* [The problem] Without including the pictures, copy out every line below.

* [Dataset excerpt]
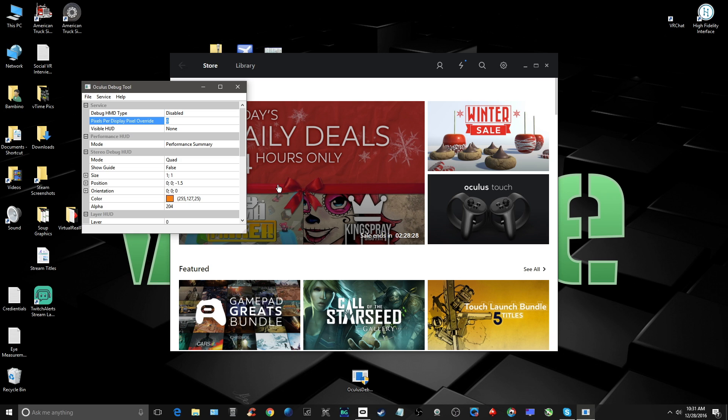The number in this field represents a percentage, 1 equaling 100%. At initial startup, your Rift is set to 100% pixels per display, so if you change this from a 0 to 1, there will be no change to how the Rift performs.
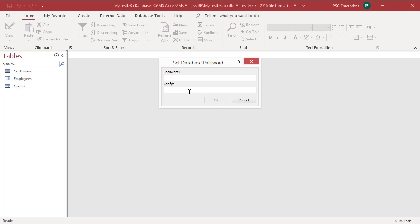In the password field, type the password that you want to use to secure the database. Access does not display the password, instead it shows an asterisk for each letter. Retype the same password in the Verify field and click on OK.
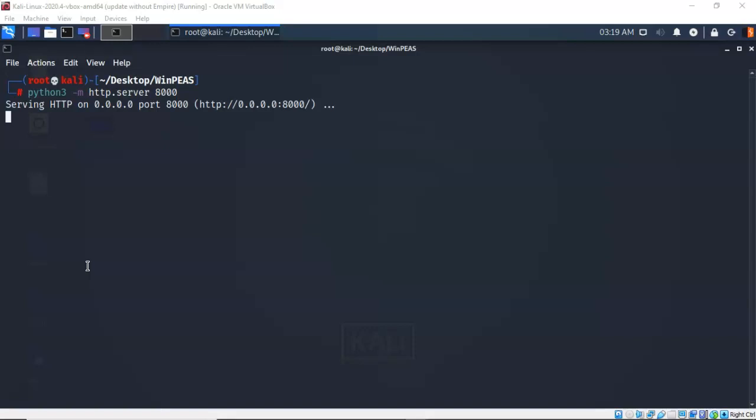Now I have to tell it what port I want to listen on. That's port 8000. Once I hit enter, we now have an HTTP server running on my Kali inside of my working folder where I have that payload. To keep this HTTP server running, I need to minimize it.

* [Output]
The number in this field represents a percentage, 1 equaling 100%. At initial startup, your Rift is set to 100% pixels per display, so if you change this from a 0 to 1, there will be no change to how the Rift performs.
In the password field, type the password that you want to use to secure the database. Access does not display the password, instead it shows an asterisk for each letter. Retype the same password in the Verify field and click on OK.
Now I have to tell it what port I want to listen on. That's port 8000. Once I hit enter, we now have an HTTP server running on my Kali inside of my working folder where I have that payload. To keep this HTTP server running, I need to minimize it.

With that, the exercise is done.